I came across this video on you-tube. I like it because it contains great info for the older more experienced trappers on how to double or triple your income. Specifically there is great advise for experienced beaver trappers in these low fur value times.


----------



## 220swift (Mar 2, 2011)

Too good Larry, especially tip #5.............


----------



## prairiewolf (Feb 19, 2012)

I wish we could trap beavers, not many here but I need a new hat and dont like paying $300+ for them, lol


----------



## Larry (Dec 2, 2010)

Ed, we have way to many up here in the land of corn.

However, his idea of snaring them, rubing the beavers belly to make him go to sleep, shearing the fur off and selling just the fur to the hat makers, letting them go and re-catching to shear again...well its way to funny. Plus he does it with such a straight face.


----------



## Larry (Dec 2, 2010)

220swift said:


> Too good Larry, especially tip #5.............


Fact be told, I mentioned to my grandson about raccoons. Especially those in January when they are breeding. and fur is thick as it gets.

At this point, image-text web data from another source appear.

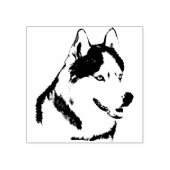 Husky Stamps Custom Siberische Husky Stamps Rubberstempel (Afrduk)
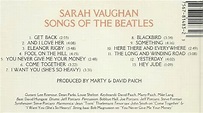 "Sarah Vaughan, Songs of the Beatles", 1981 | Back cover of … | Flickr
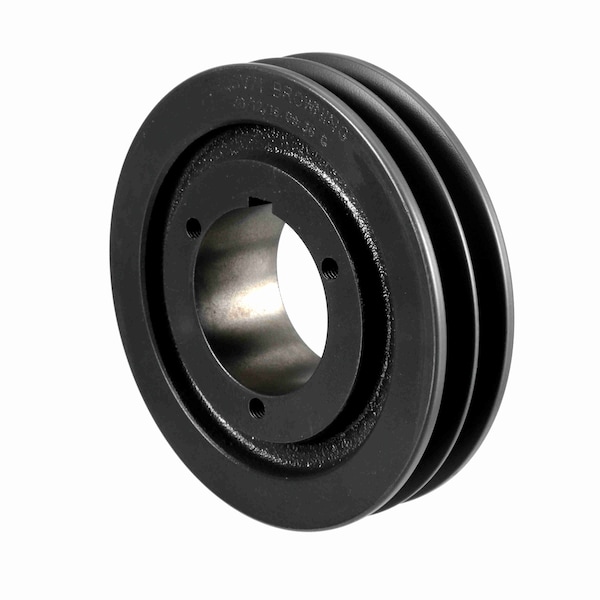 2 Groove Cast Iron Bushed Bore Multiple Sheave, 2Q5V71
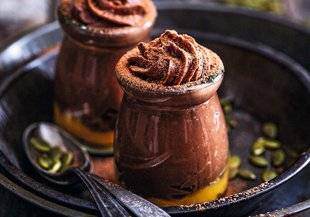 Hors Série 26 Crème chocolat avocat & purée de mangue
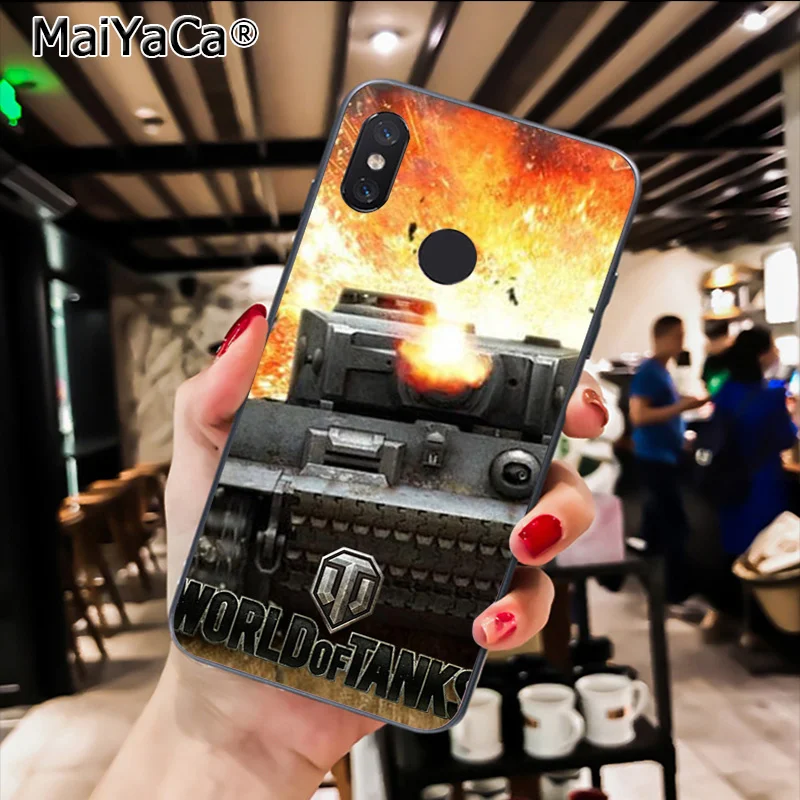 A2 MaiYaCa world of tanks Черная мягкая крышка чехол для телефона для Xiaomi Redmi8 4X 6A S2 7A 6A Redmi 5 5Plus Note5 7 Note8Pro - Color: A2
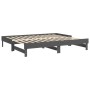 Sofá cama extraíble madera maciza de pino gris 2x(80x200) cm de vidaXL, Camas y somieres - Ref: Foro24-823386, Precio: 175,92...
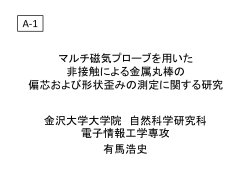 マルチGMRプローブによる 金属楕円棒の歪みの検査法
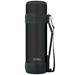 THERMOS ELITE BEVERAGE BOTTLE-BLACK STAINLESS-1.8L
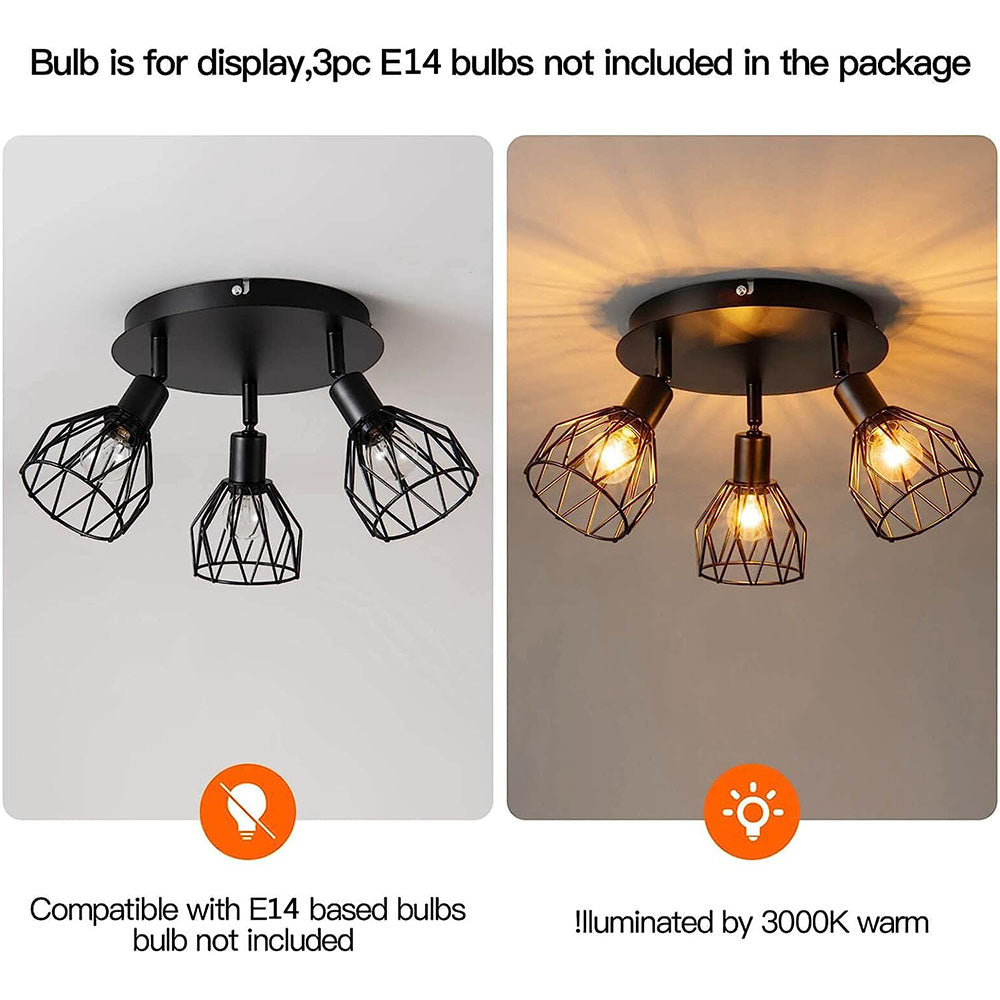 Industrial Spotlight Ceiling Light
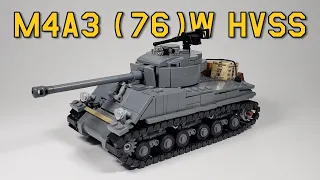 Building the M4A3E8 Sherman in LEGO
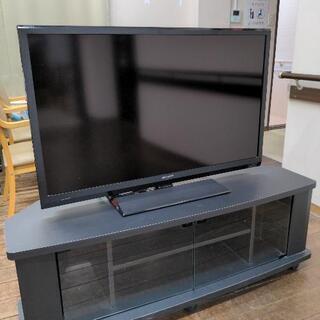 【価格応談】AQUOS液晶LED 40型テレビ+テレビ台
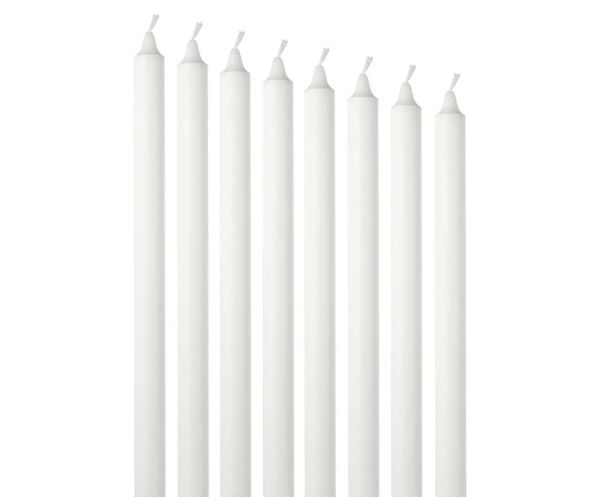 Свеча парафиновая хозяйственная - 70 г - Белая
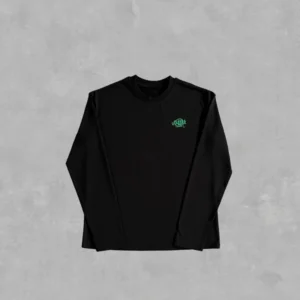 SYNA-LONGSLEEVE-BLACK-GREEN SWEATSHIRTS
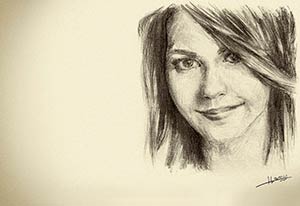 Dessin au Crayon (brouillon sur enveloppe)
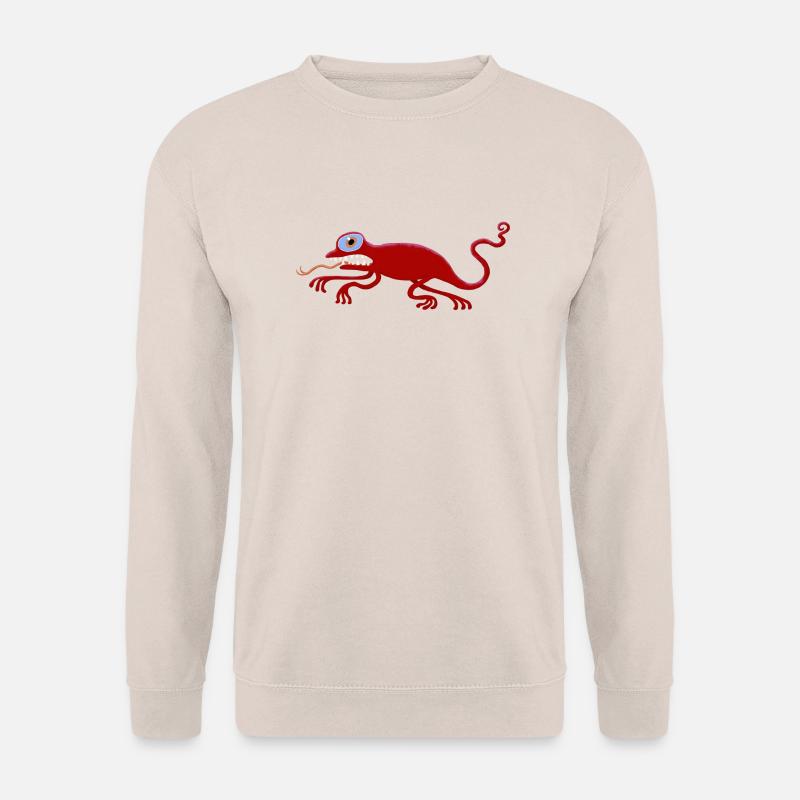 ulkige Echse-rot - Unisex Pullover - Sand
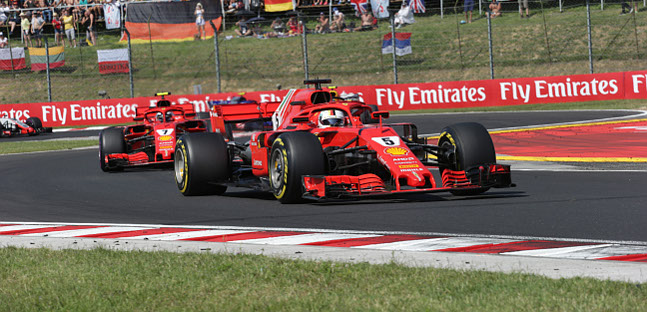 Due Ferrari a podio,<br />Seb e Kimi: "Il massimo possibile"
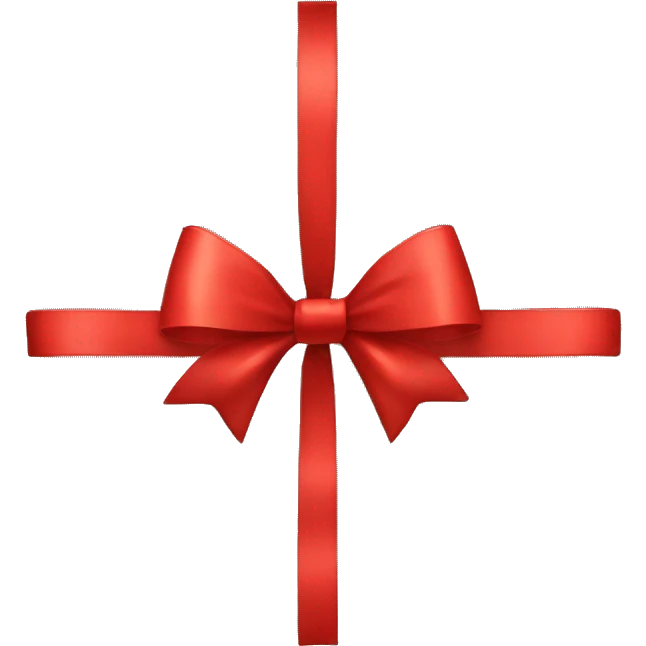 Red bow  emoji
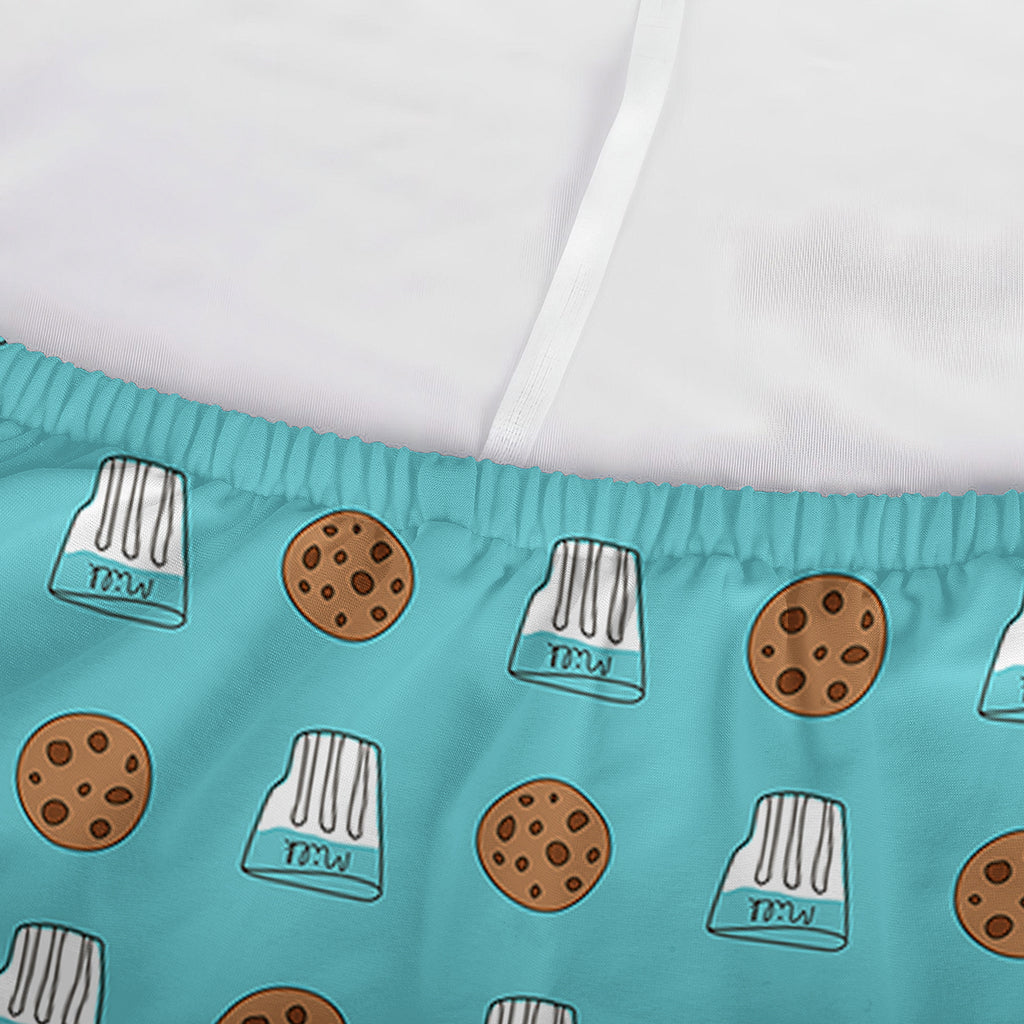 Milk And Cookies Pattern Print Sofa Cover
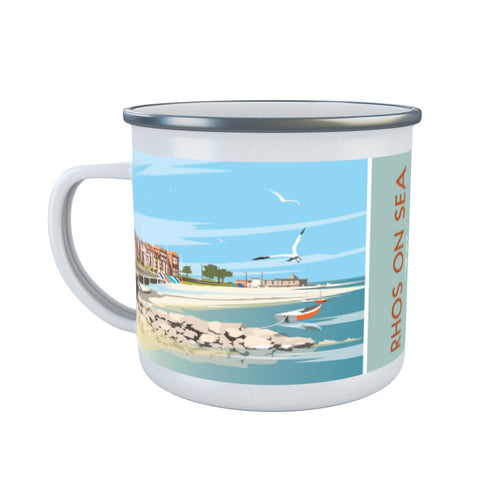Rhos on Sea Enamel Mug
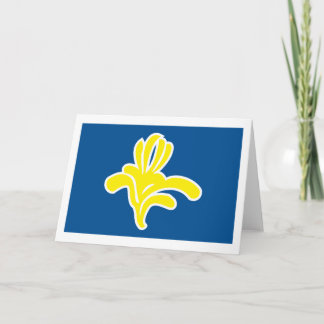 Carte de voeux de drapeau de Bruxelles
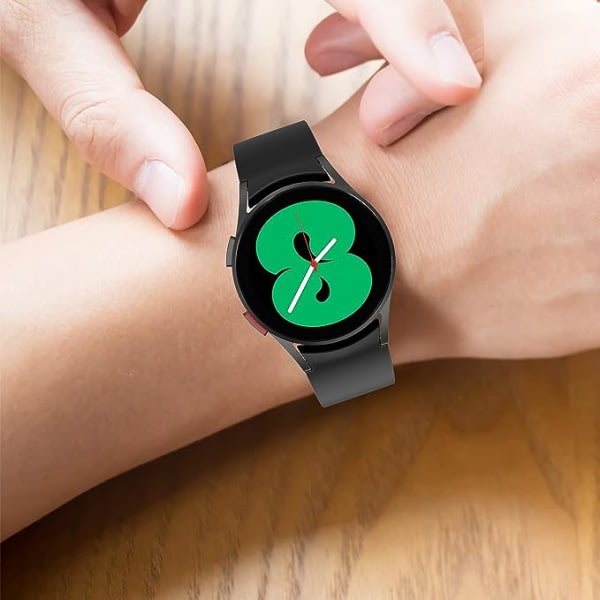 (5 kpl) käsivarsinauha, joka on yhteensopiva Samsung Galaxy Watch 4 Classicin, Watch 4:n, Classic Silikonbandin, käsivarsinauhan kanssa Galaxy Watch 5 Smartwatchille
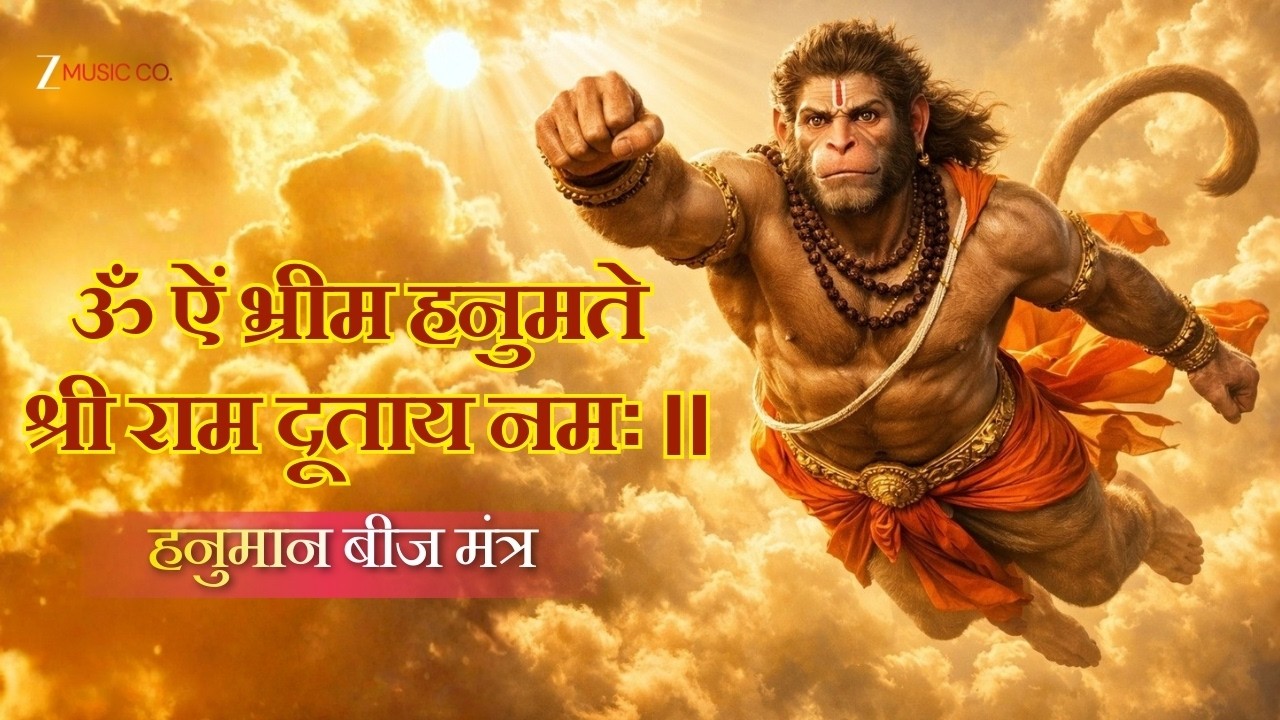 Powerful Hanuman Mantra | Hanuman Beej Mantra for Protection & Strength | Zee Music Devotional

Now he is 15 and if he "could" find a buyer, that's the hard part, but if he could. There is no difference between a $5.00 raccoon or a muskrat. Money is money and the raccoons are thick as hell. Especially if your 15 and strong as a bull calf. I told him he could easily knock of 50 raccoons in few weeks. Heck all jokes aside he could cacth 20 off my patio no further than 5 feet from our sliding glass door.


----------